Весьма вероятно, что в Ленинграде удастся организовать журнал. Об этом часто говорит Сергеев (он хотел вам написать на этих днях), припоминая, что полученное когда-то разрешение издавать журнал (под редакцией вашей, Ольденбурга, Вяч. Иванова и др.) пропало всуе. Многие надеются на возможный ваш приезд в Россию на будущий год, ко дню шестидесятилетия вашего, и рассчитывают, что такой приезд ваш мог бы оказать большую услугу и радость литературе. Может быть, и правда соберетесь? Очень, очень было бы хорошо. Разрешите, к слову, поздравить вас с приближающимся днем рождения и пожелать вам всего хорошего. Я часто вспоминаю свое восторженное и глупое письмо, какое послал вам семь лет назад вскоре после знакомства с вами. Письмо было совсем гимназическое (хотя я был очень взрослым человеком), я был болен тогда и жил очень трудно, но мне очень легко и хорошо было писать вам — просто так, по-глупому, — и поздравлять вас с днем рожденья. За письмо это, если бы показать его стороннему человеку, мне было бы сейчас очень неловко. Но когда я думаю о вас, я и сейчас чувствую все то же, и вот эти мои слова, которые я пишу, — такие же наивно-неуклюжие и смешные слова. Но перед вами мне даже не стыдно, и я с непонятной радостью говорю вам это.

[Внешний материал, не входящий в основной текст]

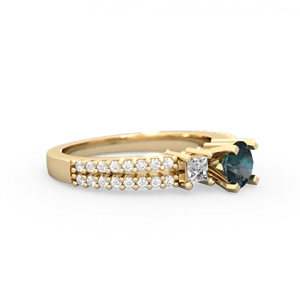 Alexandrite Classic 5Mm Round Engagement 14K Yellow Gold ring R26435RD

Не писал я вам с осени. За эти месяцы я успел очуметь от работы и безалаберной, путаной российской жизни: так, наверно, и умрешь где-нибудь на полпути, на полуслове, все будет некогда, недосуг. Тружусь над романом. Он пойдет в третьей книге «Звезды» (плохой журнал, единственный, впрочем, в Питере), которая выйдет скоро. Самое страшное: начинаю печатать его, не дописав, и работы еще очень много. Так вышло, к несчастью. От города бегу, заточаюсь, да будет он треклят... пока я не кончил писать!

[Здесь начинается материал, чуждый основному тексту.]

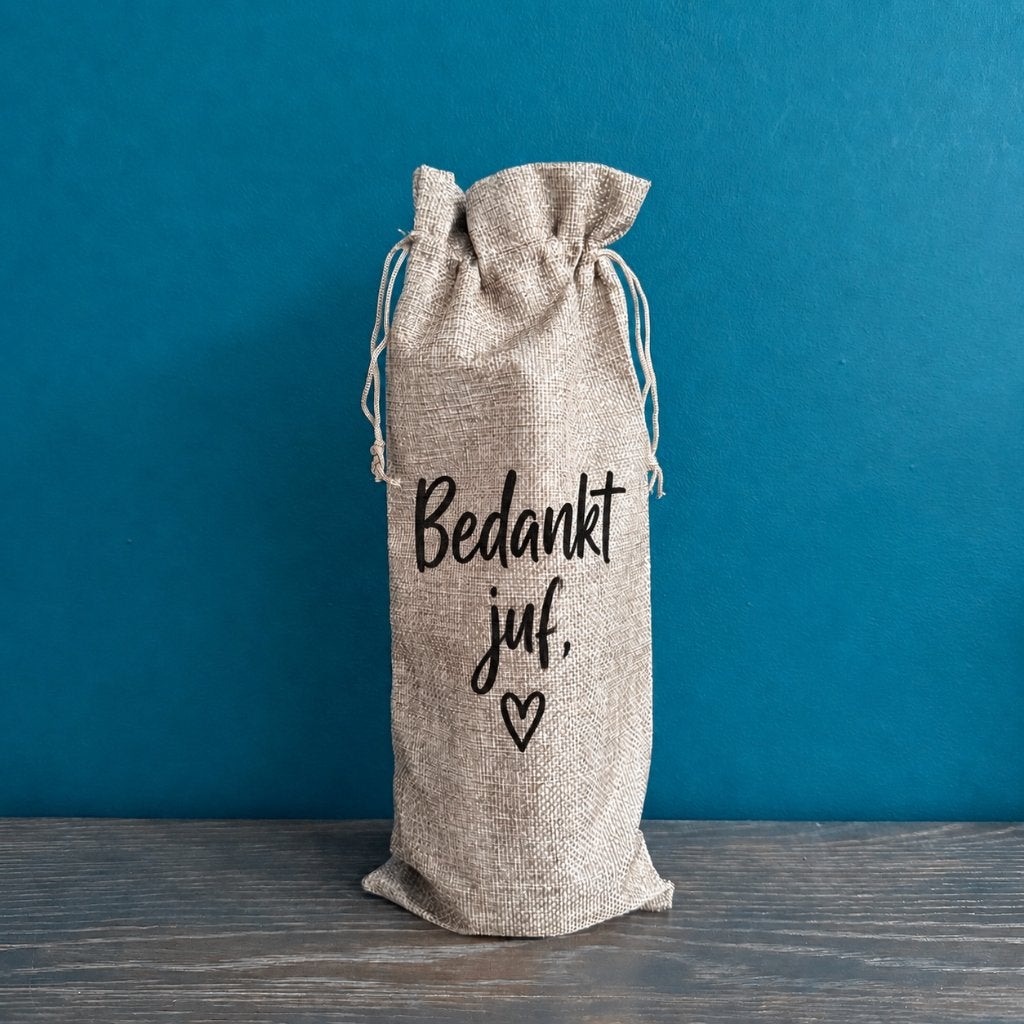 Dranktas jute bedankt juf cadeau, Ophalen of Verzenden, Nieuw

У вас, наверно, давно не стало веры в меня, а я опять и опять пишу вам, что осенью хочу поехать на Запад, между прочим — на юг, в Италию. За деньгами и прочим, как будто, дело не станет: продал Собрание — четыре книги. Продал «Прибою», а нужно было бы нашему изд[атель]ству, и «Прибой» переуступил бы, вероятно, если бы не Госиздат, с которым я поссорился.

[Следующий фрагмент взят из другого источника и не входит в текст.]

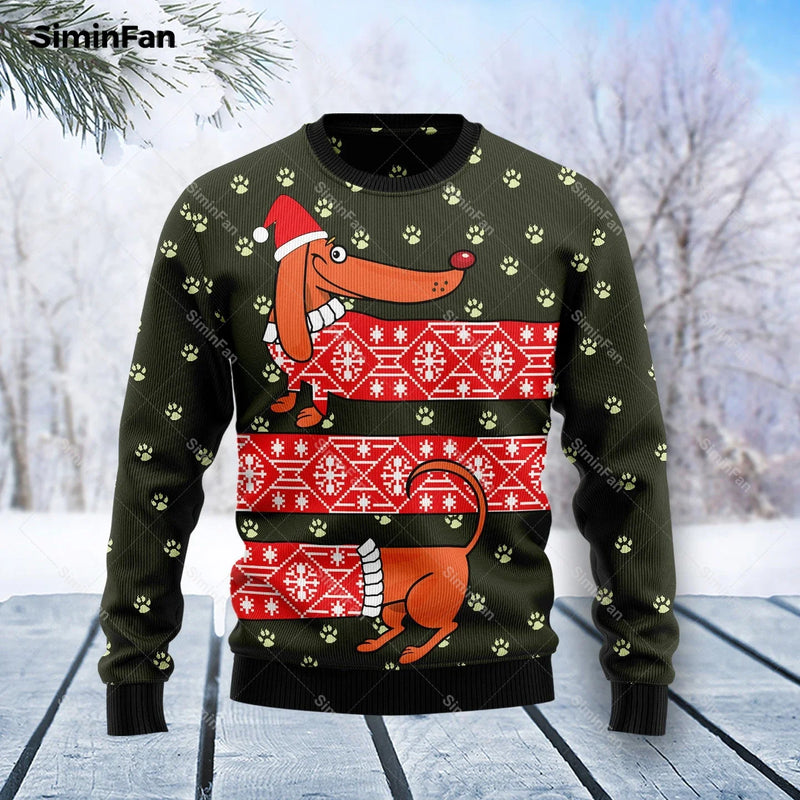 Dachshund Angel Ugly Christmas Sweater 3D Printed Men Pullover Casual Sweatshirt Couple Long Sleeve Shirt Unisex Female Top Coat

Если мои книги выйдут под маркой «Книгоизд[ательства] писателей», Гос[ударственное] изд[ательство] не спустит это ему и мне, ибо считает меня своим крепостным. А хорошо бы, лучше бы печататься в своем изд[атель]стве!
Жду вашего ответа, дорогой Алексей Максимович, и — еще раз — всего хорошего!
Любящий вас К. Федин.
Привет вам от жены.
(Сорренто. 16 марта 1927 г.)
Дорогой мой Федин — согласитесь, что быть редактором номинально — я не могу, а фактически редактировать — как же это возможно? Затем: примите во внимание мою загруженность работой и корреспонденцией. Вот это письмо вам — сегодня одиннадцатое. И, наконец, вот что: если б я был в Петербурге, то и тогда отказался бы от редакторского чина, ибо не чувствую себя способным на это дело, особенно трудное и глубоко серьезное в наши дни.
Не могу я и дать вашему издательству какую-либо свою книгу, ибо — связан договором с Госиздатом. Да и нет еще у меня никакой книги.
Почему бы вам не привлечь Сергеева-Ценского, если не в качестве редактора, то участником издательства, сотрудником? И — Пришвина? Это писатели более талантливые, чем я, и люди более тонкого литературного вкуса, — они оба умеют брать литератора чисто, как такового, а мне за рукописью всегда виден человек, и это мешает правильной оценке его работы. Пришвин особенно мощно растет как художник, его искусство уже почти волшебство. То же можно сказать и о Ценском.